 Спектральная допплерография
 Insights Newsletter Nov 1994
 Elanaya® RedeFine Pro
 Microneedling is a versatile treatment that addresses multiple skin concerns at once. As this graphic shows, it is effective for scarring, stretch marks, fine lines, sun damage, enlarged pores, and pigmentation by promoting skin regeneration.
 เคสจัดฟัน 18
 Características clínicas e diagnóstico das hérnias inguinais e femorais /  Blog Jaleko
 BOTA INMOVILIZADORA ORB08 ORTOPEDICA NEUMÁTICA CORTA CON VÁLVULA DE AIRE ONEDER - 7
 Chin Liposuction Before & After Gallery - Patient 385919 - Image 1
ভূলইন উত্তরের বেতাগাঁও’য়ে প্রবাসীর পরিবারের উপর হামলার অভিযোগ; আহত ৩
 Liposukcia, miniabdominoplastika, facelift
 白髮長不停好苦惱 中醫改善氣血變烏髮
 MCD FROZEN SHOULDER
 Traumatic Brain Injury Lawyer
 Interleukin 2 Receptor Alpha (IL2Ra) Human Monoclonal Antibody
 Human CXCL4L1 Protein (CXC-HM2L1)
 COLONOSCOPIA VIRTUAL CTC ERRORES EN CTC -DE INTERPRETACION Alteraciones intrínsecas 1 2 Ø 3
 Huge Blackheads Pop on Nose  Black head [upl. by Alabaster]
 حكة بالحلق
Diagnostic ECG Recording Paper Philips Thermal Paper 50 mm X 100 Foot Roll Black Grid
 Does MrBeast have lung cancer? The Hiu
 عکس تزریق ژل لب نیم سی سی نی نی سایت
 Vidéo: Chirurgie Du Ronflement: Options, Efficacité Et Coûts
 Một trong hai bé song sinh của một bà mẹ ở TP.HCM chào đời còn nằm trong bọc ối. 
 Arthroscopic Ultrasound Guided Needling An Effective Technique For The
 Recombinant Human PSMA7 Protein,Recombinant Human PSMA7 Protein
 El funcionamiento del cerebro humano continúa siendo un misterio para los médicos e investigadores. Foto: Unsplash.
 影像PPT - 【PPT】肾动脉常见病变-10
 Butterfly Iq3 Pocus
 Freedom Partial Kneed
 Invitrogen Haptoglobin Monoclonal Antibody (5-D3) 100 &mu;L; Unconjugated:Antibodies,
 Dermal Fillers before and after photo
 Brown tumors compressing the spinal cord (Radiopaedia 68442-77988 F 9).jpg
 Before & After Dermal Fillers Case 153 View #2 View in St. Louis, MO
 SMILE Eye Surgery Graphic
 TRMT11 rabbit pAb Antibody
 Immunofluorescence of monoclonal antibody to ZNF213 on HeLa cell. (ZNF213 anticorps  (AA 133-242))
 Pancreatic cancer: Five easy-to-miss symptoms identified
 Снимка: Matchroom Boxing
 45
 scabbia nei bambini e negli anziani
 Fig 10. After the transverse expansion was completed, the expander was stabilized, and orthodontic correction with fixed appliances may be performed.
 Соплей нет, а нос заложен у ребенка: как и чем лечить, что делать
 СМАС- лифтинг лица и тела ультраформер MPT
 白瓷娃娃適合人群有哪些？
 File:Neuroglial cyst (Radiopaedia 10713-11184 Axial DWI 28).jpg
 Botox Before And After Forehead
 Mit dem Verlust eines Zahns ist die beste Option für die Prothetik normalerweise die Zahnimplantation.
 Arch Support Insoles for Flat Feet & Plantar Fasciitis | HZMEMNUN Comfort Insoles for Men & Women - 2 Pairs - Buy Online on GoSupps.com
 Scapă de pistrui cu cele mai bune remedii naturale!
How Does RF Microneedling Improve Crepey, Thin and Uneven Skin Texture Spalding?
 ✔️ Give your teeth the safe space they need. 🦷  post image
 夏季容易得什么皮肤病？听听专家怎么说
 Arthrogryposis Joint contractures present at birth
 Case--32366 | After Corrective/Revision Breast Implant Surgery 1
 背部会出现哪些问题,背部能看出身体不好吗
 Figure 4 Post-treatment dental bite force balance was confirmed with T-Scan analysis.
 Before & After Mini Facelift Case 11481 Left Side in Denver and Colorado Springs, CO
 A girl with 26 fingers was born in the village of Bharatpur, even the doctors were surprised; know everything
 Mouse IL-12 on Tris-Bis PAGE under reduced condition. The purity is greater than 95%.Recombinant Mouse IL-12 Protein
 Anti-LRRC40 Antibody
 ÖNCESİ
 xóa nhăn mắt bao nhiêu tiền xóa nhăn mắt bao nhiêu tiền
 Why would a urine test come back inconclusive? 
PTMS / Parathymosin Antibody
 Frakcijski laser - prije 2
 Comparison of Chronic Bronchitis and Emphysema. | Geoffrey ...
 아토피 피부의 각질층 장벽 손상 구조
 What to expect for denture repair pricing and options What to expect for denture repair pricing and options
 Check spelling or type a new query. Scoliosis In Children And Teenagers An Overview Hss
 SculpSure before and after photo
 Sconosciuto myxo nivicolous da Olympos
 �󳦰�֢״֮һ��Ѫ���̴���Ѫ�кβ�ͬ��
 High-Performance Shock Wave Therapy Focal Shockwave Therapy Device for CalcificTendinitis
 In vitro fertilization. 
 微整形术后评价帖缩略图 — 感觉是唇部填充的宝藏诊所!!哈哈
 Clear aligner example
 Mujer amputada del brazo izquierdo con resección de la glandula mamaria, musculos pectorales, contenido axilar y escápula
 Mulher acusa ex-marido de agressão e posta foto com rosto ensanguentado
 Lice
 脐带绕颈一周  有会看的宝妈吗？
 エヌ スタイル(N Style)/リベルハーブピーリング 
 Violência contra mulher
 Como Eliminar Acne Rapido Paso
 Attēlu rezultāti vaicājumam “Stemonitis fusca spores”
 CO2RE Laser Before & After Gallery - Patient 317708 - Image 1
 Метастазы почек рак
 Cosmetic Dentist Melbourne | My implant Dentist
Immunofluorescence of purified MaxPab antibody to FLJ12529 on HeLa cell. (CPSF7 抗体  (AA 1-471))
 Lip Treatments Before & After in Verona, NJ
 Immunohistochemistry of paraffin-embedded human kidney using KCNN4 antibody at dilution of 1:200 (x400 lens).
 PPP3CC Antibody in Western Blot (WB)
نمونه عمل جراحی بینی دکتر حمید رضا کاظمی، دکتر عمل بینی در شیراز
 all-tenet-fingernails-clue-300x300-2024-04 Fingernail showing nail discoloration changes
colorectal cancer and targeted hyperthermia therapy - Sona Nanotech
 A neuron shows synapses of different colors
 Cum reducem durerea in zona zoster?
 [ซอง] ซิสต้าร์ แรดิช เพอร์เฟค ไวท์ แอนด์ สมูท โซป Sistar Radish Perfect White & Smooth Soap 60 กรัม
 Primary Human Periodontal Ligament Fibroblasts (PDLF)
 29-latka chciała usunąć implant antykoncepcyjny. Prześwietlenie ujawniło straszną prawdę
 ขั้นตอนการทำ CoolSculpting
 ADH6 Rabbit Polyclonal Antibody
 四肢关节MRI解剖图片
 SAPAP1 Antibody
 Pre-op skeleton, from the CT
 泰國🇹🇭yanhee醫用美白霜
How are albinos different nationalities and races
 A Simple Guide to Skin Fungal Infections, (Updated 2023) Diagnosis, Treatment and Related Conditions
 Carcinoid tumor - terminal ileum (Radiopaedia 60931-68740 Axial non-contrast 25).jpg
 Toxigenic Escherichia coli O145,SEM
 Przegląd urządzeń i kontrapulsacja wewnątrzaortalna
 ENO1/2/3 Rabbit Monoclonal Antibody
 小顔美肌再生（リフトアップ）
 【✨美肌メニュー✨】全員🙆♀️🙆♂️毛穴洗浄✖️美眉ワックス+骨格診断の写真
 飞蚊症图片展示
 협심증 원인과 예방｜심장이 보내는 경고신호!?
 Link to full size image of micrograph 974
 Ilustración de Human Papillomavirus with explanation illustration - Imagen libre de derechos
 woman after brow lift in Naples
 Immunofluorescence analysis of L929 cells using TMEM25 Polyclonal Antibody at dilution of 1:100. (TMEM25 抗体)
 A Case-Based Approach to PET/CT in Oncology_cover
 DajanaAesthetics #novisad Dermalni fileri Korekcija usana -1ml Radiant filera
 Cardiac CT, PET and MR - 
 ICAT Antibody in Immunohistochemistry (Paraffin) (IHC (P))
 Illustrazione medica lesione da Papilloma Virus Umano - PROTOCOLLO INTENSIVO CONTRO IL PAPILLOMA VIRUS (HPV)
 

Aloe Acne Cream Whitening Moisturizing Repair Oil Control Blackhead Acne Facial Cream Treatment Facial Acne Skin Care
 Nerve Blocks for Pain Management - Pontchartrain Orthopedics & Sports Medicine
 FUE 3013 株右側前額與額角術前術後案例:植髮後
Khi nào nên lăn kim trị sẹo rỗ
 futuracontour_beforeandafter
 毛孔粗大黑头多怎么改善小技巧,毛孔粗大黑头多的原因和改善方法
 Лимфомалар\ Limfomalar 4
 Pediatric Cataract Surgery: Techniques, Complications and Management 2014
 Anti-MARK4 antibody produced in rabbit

──────────────────────────────

WHAT IS EXPECTED
Print exactly the lines between the line with "Orthopedics & Sports Medicine" and the final line of the records above, both included.

YOUR RESPONSE
 Nerve Blocks for Pain Management - Pontchartrain Orthopedics & Sports Medicine
 FUE 3013 株右側前額與額角術前術後案例:植髮後
Khi nào nên lăn kim trị sẹo rỗ
 futuracontour_beforeandafter
 毛孔粗大黑头多怎么改善小技巧,毛孔粗大黑头多的原因和改善方法
 Лимфомалар\ Limfomalar 4
 Pediatric Cataract Surgery: Techniques, Complications and Management 2014
 Anti-MARK4 antibody produced in rabbit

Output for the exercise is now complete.